This chapter is based on Hernán and Robins (2020, chap. 15, pp. 207-226).

Key theme: Outcome regression and propensity scores are tools, not magical solutions. Their success depends on correctly specifying models and satisfying causal assumptions (especially conditional exchangeability and positivity).

1 15.1 Outcome Regression (pp. 207-210)

Outcome regression estimates causal effects by modeling the outcome as a function of treatment and confounders.

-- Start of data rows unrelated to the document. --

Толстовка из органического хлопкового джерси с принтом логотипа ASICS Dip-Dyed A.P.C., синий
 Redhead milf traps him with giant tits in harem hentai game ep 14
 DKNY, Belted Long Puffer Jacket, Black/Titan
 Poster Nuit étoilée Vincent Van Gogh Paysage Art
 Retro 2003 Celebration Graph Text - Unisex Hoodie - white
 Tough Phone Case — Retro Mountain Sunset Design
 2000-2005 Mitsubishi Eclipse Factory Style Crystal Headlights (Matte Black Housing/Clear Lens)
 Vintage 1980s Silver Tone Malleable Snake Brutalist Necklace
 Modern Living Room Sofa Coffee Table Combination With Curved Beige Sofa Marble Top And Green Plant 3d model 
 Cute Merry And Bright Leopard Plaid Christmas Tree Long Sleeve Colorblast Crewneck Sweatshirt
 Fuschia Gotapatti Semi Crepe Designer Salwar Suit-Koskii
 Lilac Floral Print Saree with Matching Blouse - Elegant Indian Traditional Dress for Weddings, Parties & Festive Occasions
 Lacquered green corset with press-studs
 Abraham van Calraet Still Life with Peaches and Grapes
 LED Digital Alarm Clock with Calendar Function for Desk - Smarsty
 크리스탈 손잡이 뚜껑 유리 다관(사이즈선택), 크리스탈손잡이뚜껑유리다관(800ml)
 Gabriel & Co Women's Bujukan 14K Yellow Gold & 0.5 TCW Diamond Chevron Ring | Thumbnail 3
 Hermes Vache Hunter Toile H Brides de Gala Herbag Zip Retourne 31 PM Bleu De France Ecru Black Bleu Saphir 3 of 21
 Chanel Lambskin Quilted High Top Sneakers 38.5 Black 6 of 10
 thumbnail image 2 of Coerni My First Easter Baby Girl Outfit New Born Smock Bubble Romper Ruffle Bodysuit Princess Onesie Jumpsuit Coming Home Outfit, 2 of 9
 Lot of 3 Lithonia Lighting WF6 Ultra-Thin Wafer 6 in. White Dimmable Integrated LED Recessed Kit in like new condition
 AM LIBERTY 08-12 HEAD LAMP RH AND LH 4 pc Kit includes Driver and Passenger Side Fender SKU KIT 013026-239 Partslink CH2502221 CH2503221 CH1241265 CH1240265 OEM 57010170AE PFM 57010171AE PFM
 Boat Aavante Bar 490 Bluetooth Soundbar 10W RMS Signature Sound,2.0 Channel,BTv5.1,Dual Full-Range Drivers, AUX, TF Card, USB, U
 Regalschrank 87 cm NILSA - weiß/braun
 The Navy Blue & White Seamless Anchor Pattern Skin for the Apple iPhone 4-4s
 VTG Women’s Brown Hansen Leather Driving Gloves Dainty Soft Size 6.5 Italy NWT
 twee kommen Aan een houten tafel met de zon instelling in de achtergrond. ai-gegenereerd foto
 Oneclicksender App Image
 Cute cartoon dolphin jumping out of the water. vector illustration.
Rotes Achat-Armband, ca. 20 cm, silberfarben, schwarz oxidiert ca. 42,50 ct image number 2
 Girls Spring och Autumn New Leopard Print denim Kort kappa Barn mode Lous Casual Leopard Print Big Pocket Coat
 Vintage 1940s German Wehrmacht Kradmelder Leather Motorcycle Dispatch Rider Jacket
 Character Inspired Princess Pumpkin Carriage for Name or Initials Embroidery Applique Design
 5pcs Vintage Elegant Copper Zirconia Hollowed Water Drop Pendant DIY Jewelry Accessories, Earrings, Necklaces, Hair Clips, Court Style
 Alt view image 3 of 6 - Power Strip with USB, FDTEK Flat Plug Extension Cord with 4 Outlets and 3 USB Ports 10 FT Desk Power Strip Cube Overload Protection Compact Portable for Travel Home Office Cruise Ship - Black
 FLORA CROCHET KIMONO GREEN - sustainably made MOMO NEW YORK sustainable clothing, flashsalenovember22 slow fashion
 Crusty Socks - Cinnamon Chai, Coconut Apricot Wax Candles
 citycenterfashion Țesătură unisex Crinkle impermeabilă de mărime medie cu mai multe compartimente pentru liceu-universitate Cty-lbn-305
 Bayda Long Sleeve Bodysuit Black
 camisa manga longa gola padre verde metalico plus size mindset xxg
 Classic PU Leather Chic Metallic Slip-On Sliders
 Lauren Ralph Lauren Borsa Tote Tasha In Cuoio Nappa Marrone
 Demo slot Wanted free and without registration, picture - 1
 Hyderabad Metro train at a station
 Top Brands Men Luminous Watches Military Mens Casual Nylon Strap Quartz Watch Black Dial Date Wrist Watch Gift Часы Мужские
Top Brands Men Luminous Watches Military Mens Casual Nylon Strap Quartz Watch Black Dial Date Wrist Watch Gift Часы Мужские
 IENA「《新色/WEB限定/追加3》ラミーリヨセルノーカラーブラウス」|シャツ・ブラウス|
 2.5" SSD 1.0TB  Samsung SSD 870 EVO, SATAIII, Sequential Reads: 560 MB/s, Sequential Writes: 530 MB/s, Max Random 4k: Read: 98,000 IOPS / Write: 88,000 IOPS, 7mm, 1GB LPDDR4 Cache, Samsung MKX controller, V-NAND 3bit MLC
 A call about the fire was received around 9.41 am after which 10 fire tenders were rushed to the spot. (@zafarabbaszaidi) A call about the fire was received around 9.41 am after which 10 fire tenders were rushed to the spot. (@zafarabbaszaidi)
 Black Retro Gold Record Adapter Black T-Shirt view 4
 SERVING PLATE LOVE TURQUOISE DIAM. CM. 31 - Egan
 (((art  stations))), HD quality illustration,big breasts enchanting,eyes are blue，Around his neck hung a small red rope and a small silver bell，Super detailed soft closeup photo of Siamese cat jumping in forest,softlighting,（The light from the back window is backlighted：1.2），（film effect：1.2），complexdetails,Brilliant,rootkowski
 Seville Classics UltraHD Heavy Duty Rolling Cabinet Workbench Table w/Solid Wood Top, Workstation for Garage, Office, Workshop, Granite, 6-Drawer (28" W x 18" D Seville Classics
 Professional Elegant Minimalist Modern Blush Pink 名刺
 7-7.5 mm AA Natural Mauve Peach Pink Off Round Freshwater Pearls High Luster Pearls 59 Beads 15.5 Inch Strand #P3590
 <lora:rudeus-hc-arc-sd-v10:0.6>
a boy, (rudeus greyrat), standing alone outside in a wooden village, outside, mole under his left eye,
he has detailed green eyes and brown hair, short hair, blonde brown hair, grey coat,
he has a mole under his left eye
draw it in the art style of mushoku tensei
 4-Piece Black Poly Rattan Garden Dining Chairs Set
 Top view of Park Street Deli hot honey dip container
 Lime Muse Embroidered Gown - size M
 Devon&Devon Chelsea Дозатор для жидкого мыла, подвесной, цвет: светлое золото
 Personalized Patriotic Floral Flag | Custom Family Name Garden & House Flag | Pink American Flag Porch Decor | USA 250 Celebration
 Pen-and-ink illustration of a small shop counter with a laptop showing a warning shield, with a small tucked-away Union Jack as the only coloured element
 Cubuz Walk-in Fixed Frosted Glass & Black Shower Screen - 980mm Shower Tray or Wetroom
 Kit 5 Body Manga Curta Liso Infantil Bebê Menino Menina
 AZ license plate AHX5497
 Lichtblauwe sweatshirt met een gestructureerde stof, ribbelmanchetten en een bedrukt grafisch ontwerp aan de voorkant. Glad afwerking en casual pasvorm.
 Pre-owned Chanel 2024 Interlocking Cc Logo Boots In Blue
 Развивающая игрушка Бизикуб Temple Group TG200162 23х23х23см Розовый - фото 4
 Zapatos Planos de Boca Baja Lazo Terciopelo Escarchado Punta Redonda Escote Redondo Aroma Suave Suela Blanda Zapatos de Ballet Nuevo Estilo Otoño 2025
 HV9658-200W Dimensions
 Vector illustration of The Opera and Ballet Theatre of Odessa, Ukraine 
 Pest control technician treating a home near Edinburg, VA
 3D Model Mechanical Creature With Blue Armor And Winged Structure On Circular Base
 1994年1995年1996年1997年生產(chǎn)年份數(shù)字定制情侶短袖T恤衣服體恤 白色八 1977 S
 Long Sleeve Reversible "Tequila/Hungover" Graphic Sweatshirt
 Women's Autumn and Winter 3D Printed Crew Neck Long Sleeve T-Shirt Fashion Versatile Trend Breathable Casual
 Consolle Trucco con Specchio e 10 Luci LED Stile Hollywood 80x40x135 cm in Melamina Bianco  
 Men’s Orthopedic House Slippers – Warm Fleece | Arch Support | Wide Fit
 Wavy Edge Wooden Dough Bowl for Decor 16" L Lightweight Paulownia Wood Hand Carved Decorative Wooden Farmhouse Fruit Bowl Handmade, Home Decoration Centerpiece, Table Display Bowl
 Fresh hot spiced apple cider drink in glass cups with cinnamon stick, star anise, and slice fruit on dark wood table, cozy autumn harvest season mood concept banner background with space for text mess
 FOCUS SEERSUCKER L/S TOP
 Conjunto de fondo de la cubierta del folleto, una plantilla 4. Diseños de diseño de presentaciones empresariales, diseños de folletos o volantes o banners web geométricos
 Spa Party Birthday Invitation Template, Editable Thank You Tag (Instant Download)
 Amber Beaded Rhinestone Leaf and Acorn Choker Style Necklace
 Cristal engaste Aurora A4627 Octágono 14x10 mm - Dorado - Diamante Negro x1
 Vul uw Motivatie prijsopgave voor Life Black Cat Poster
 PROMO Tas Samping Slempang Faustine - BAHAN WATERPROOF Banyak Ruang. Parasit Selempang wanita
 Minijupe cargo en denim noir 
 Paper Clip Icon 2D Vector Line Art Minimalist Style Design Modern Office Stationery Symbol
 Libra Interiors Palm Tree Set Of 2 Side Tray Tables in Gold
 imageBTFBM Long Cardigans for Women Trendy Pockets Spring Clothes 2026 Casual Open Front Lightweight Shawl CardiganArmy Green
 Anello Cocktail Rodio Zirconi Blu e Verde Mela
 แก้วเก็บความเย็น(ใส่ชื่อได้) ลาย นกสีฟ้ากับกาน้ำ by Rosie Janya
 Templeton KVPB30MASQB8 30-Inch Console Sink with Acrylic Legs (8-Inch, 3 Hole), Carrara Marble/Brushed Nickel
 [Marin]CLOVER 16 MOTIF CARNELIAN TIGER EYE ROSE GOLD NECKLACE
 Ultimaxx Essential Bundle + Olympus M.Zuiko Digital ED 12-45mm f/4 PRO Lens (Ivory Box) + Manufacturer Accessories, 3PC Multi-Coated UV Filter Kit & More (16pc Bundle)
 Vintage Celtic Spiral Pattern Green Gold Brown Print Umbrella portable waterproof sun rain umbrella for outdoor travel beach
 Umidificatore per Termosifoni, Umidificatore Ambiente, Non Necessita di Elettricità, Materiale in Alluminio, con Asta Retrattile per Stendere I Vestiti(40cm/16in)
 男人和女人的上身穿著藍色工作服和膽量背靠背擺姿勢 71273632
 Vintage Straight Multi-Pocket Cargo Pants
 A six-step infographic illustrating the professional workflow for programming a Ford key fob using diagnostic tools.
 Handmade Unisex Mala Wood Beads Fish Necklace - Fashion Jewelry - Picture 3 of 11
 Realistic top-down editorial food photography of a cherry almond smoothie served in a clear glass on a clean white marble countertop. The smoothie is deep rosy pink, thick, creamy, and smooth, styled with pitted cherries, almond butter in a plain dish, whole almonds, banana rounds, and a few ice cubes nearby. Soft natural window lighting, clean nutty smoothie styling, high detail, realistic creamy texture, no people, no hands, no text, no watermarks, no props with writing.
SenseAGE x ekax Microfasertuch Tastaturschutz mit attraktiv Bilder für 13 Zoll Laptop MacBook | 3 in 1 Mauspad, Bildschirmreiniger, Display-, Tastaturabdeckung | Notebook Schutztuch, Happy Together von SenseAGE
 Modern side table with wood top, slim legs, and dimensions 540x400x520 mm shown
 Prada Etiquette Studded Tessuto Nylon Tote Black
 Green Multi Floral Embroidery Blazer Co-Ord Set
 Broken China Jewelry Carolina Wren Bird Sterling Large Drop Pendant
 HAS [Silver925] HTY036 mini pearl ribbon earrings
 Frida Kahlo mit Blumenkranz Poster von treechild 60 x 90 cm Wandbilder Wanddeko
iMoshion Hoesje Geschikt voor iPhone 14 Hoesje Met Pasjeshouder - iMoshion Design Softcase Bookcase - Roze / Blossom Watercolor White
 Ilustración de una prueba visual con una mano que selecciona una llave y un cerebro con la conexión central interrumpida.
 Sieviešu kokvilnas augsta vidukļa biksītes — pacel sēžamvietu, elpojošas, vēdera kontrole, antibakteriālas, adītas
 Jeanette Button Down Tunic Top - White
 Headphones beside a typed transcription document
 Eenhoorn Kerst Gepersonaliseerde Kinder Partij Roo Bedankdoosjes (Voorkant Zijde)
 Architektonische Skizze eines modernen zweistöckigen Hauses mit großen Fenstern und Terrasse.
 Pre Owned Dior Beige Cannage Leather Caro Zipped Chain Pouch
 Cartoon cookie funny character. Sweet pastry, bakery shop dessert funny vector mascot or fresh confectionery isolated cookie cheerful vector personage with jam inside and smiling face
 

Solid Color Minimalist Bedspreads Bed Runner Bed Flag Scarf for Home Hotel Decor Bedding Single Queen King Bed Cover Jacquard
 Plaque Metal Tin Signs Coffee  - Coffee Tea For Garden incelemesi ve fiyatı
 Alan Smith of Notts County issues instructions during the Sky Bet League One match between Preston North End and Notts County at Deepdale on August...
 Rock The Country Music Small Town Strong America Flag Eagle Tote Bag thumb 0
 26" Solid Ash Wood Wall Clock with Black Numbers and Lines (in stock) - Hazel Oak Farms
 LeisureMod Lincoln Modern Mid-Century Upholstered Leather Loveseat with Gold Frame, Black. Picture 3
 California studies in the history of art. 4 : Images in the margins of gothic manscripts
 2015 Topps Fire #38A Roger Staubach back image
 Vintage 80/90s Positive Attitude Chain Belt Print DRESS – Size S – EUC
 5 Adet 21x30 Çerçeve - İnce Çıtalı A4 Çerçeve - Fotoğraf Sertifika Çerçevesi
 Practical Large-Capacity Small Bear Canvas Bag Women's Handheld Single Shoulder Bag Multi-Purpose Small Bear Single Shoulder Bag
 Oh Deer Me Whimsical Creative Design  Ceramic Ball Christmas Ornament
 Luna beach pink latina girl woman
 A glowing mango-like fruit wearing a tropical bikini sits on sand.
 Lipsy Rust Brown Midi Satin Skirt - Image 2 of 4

1.1 The Outcome Regression Approach

Definition 1 (Outcome Regression) Outcome regression for causal inference:

Fit a model for $\text{E}{\left[Y \mid A, L\right]}$
Use the model to compute standardized means (g-formula)
Estimate causal effects as contrasts of standardized means

For simple cases, the treatment coefficient may approximate the causal effect, but this requires strong assumptions.

1.2 When Does the Treatment Coefficient Equal the Causal Effect?

Model: $\text{E}{\left[Y \mid A, L\right]} = \beta_0 + \beta_1 A + \beta_2^{\top} L$

Question: When does $\beta_1 = \text{E}{\left[Y^{a=1}\right]} - \text{E}{\left[Y^{a=0}\right]}$?

Answer: Only under restrictive conditions:

No confounding: $Y^a \perp\!\!\!\perp A$ (conditional exchangeability not needed)
No effect modification: The causal effect doesn’t vary with $L$
Correct model specification: Linear model is correct

If effect modification exists, $\beta_1$ is a weighted average of conditional effects, not generally equal to the marginal causal effect.

Why this matters:

Many researchers fit $Y = \beta_0 + \beta_1 A + \beta_2^{\top} L$ and interpret $\beta_1$ as the causal effect. This is valid ONLY if:

No unmeasured confounding (always required)
No effect modification by measured confounders
Correct linear model

When effect modification exists, use the g-formula to properly standardize, or include $A \times L$ interactions in the model.

1.3 Example: NHEFS Study

Simple model: \[\text{E}{\left[\text{Weight Change} \mid A, L\right]} = \beta_0 + \beta_1 \text{Quit} + \beta_2 \text{Age} + \beta_3 \text{Sex} + \ldots\]

Issues:

Assumes effect of quitting is the same for all individuals
If the effect varies by age, sex, or other factors, $\beta_1$ doesn’t equal the marginal causal effect
Need to add interactions or use g-formula

Better approach: \[\text{E}{\left[Y \mid A, L\right]} = \beta_0 + \beta_1 A + \beta_2^{\top} L + \beta_3^{\top} (A \times L)\]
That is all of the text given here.